The disappearing Arctic ice pack – which is likely to reach record lows this summer – may lead to a shift in the jet stream that will pull winter storms north in coming decades.

“In the Rockies, we see about 17 percent less rain and snow, and … a lot of your water comes from that,” said Lisa Sloan, a professor of earth sciences at the University of California at Santa Cruz who ran the computer-modeling study.

“It was a result we were just astounded by,” she said.

The new findings, based on eight climate models, buttress earlier work published in Geophysical Research Letters by Sloan and Jacob Sewall, also a University of Santa Cruz researcher.

“In seven of eight, they produce this very dry bull’s-eye in the Western U.S., and it’s wetter in southern Alaska, the Canadian Rockies,” Sewall said. “This result appears very robust. … If you want anything better, you need to sit around and wait 50 years and watch.”

Some of the Arctic sea-ice data used in the study come from the National Snow and Ice Data Center in Boulder.
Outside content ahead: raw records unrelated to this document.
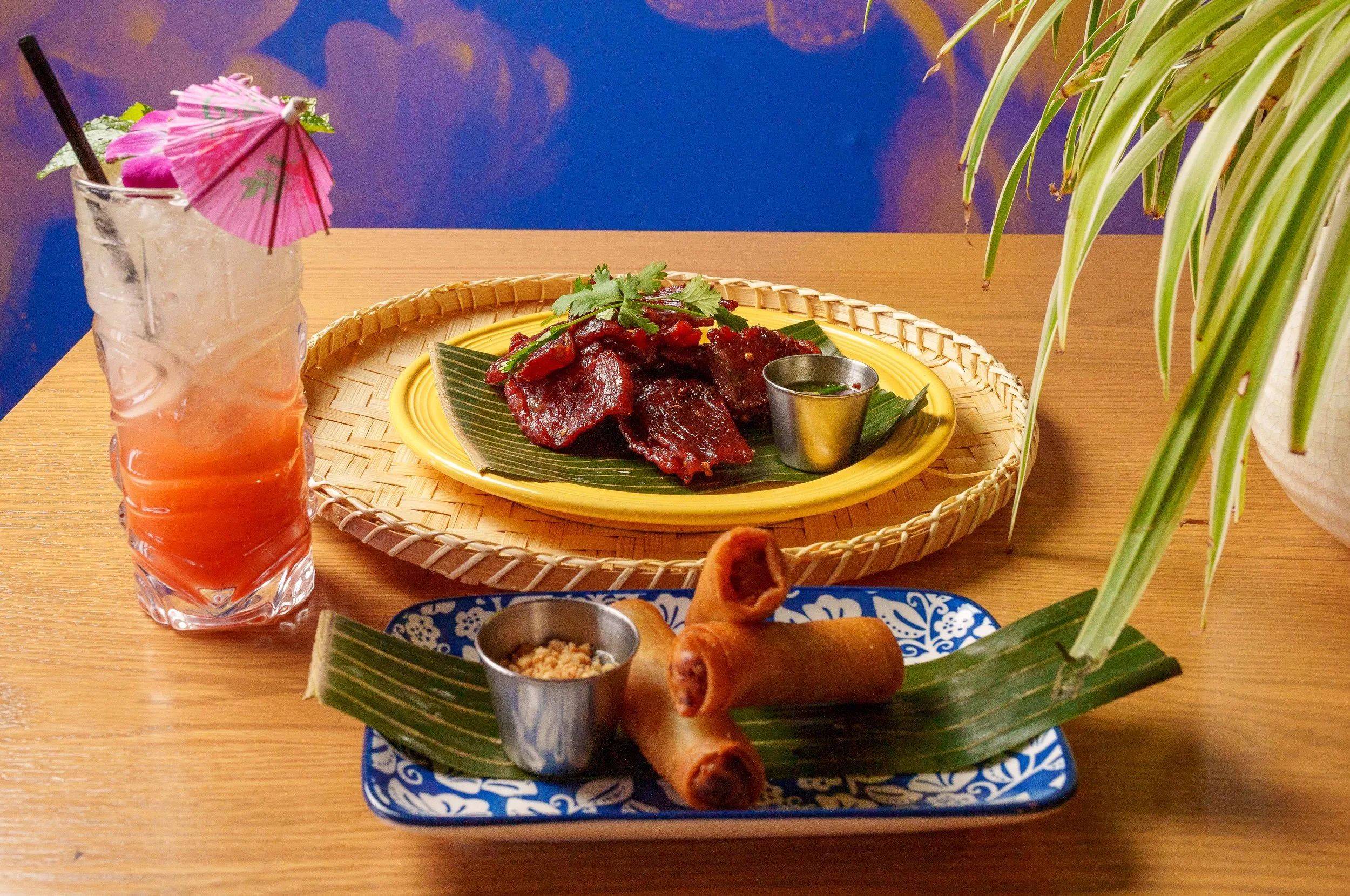 A tropical cocktail with a pink paper umbrella and two straws next to a plate of Mexican food, including crispy spring roll appetizers, spicy beef with cilantro, and a small container of dipping sauce, all on a bamboo tray on a wooden table.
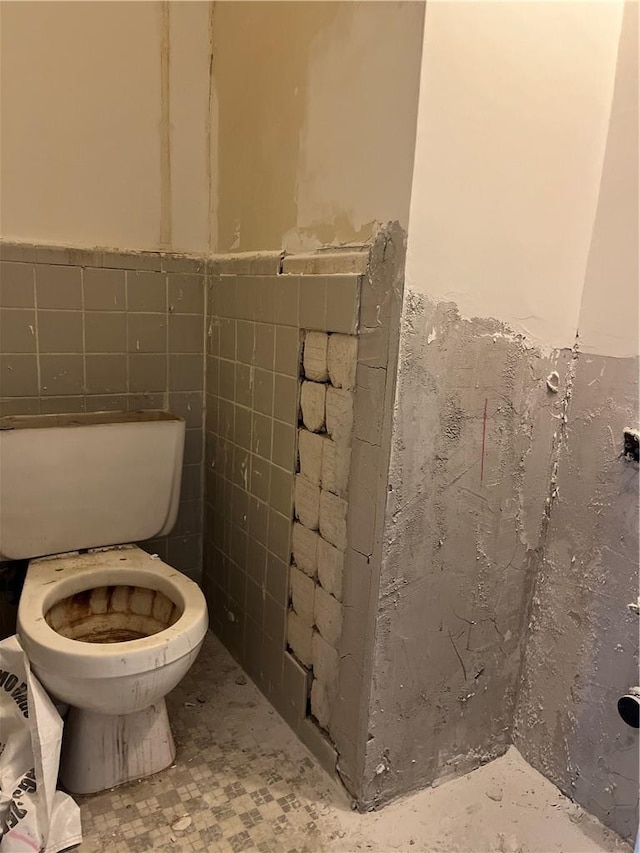 bathroom with toilet and tile walls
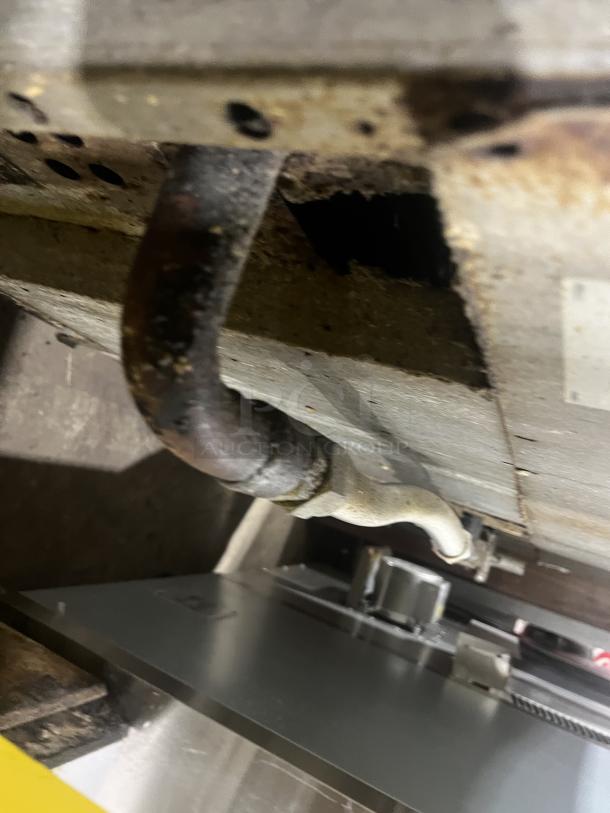 Blurred image of a pipe and underside of a Vulcan commercial range, showing some rust and metal wear.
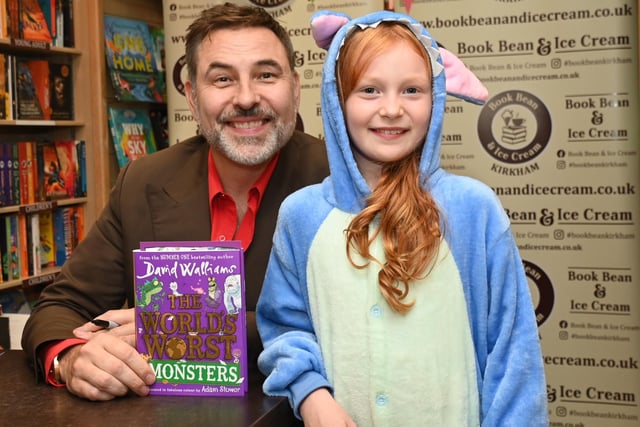 LANCASHIRE POST - BLACKPOOL - 15-07-23  Celebrity, comedian and children's author David Walliams promotes his new book, The World's Worst Monsters, at Book Bean and Ice Cream, Kirkham, where he met excited fans and their parents, signed booked and posed for photographs.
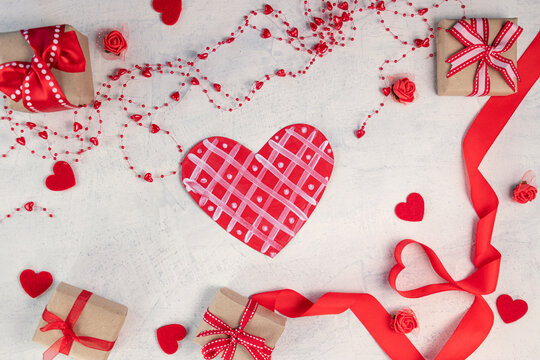 Heart from a red ribbon, gifts with a red ribbon and red hearts on a white stone background. Valentine's day background. Valentine's day concept. Flat lay.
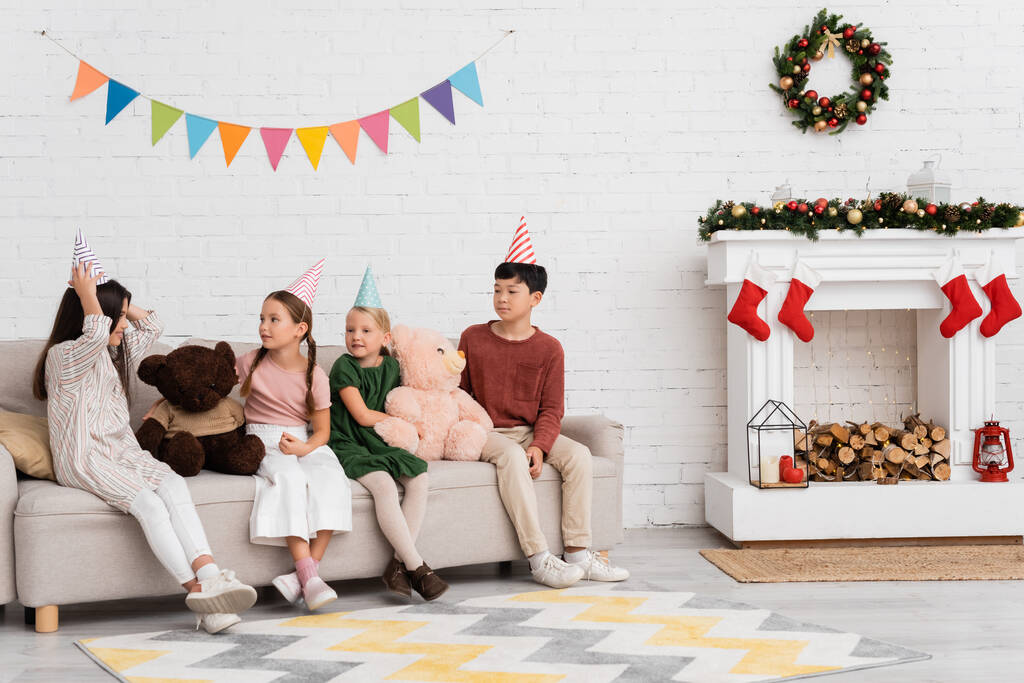 Vidám interracial gyerekek party sapkában ül mellett plüssmacik és karácsonyi dekoráció otthon  - Fotó, kép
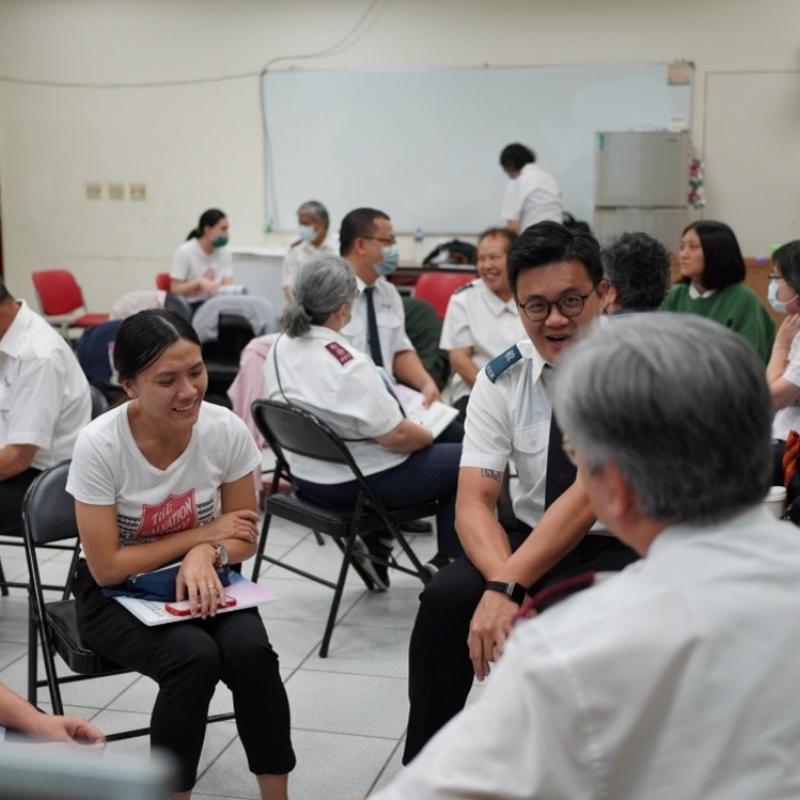 People in Salvation Army uniform talk in a group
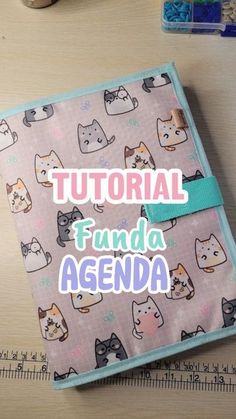 a small notebook with cats on it sitting next to some scissors and other crafting supplies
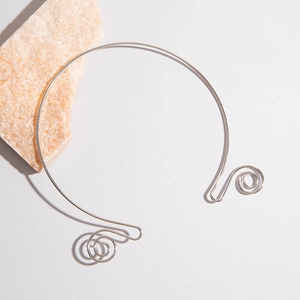 Detailed view of silver metallic choker with elegant spiral ends on a textured stone
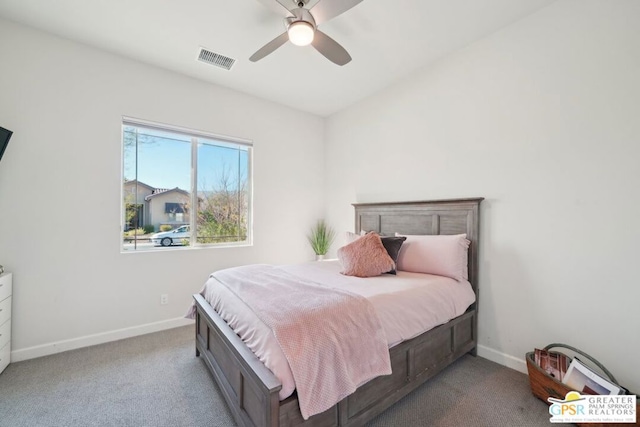 bedroom featuring ceiling fan and light carpet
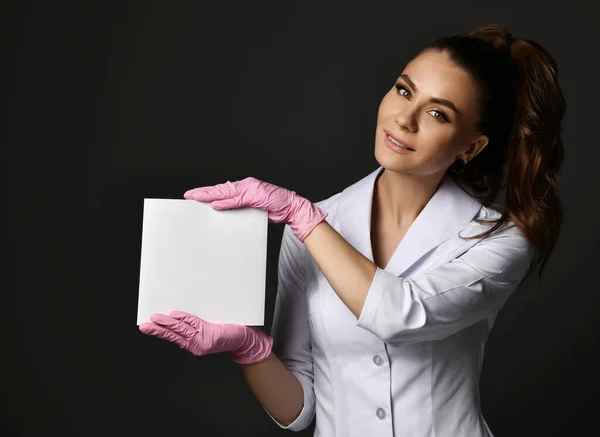 Fiatal mosolygós barna nő orvos terapeuta nővér fehér egyenruhában és védőkesztyű kezében üres papírlap — Stock Fotó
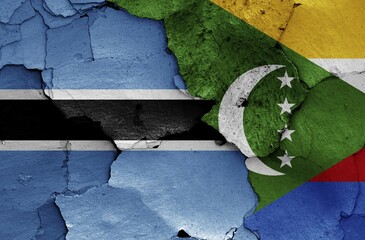 Flags of Botswana and Comoros painted on cracked wall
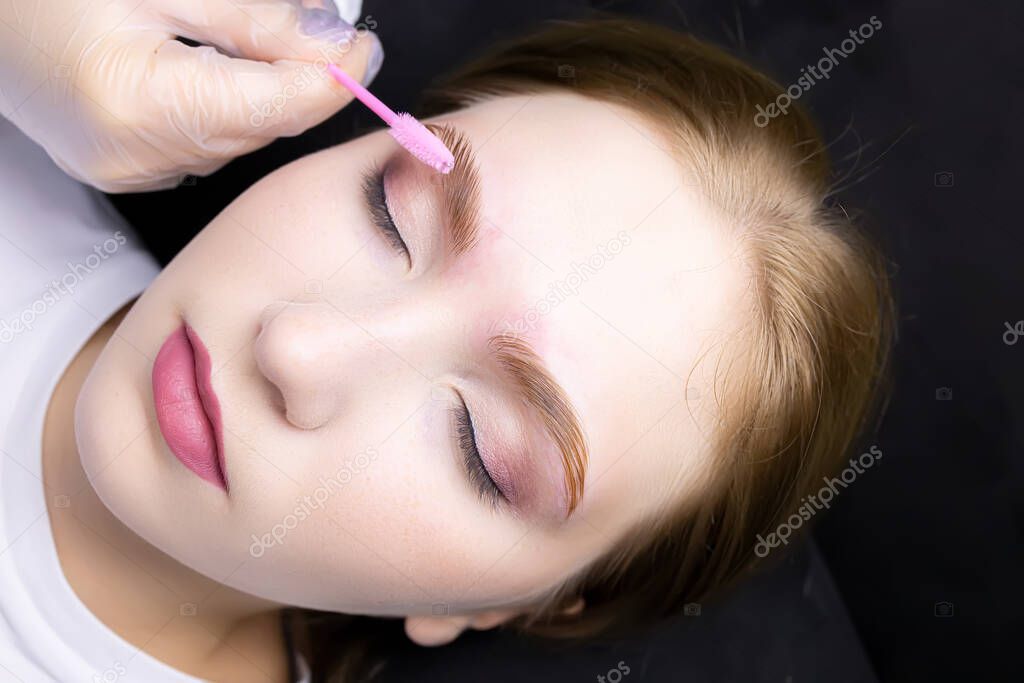 a close-up of the face of a blonde model who lies on the eyebrow lamination procedure, the master combs the eyebrows with a brush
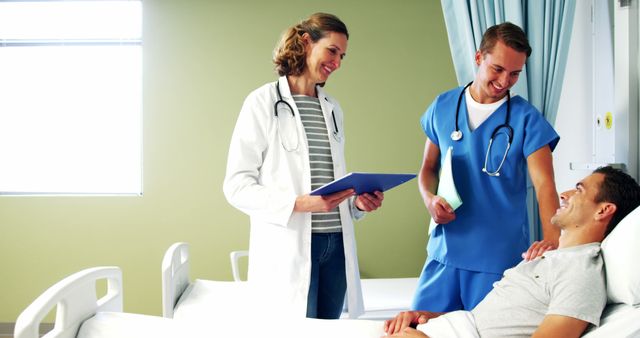 Doctor and Nurse Consulting with Patient in Hospital - Download Free Stock Images Pikwizard.com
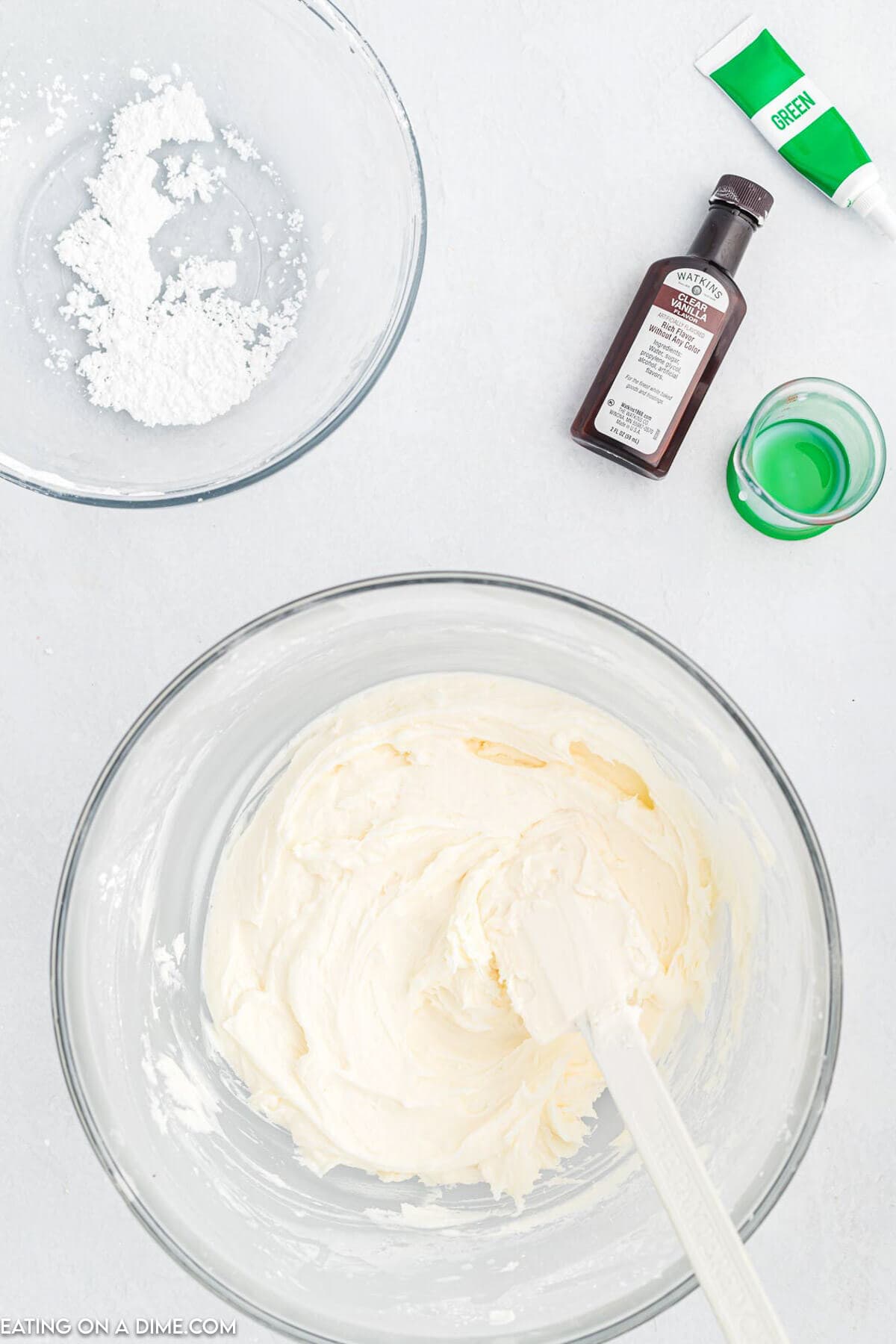 Vanilla and milk combined into mixture for frosting.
There, polar researcher Mark Serreze has been watching the floating ice cover shrink for the last five years, a trend not seen in the previous 25 years of satellite records.

Not only is ice retreating, Serreze said, but what ice is left appears to be much thinner, and this summer’s low point in September will likely be a record- breaker.

“We’re getting to some kind of tipping point here,” Serreze said during a conference at the Denver Federal Center last week. “The sea ice can’t recover.”

That prediction inspired Sewall and Sloan to run computer models forward in two scenarios: average winter ice cover and a melting of about 20 percent, which is expected by 2050.

With part of its computer-generated ice cover gone, the relatively warm Arctic Ocean poured heat into the frigid air, changing regional pressure systems and sending ripples through the wavy jet stream, Sewall said.

Winter storms headed farther north, drying the West and dampening Canada.

In their models, Sewall and Sloan ignored the fact that the greenhouse gas carbon dioxide is likely to continue to increase in the atmosphere, possibly causing greater warming. “If you add that, greenhouse warming is going to cause increased temperature and more drying of the soil. The results could potentially be quite bad,” Sewall said.

Richard Alley, a climate researcher at Pennsylvania State University, said the new Arctic-West link is tantalizing, but it needs more confirmation.

“This is one of those things we’d better figure out,” he said. “Because if we go to a completely ice-free Arctic, we have a very different world.”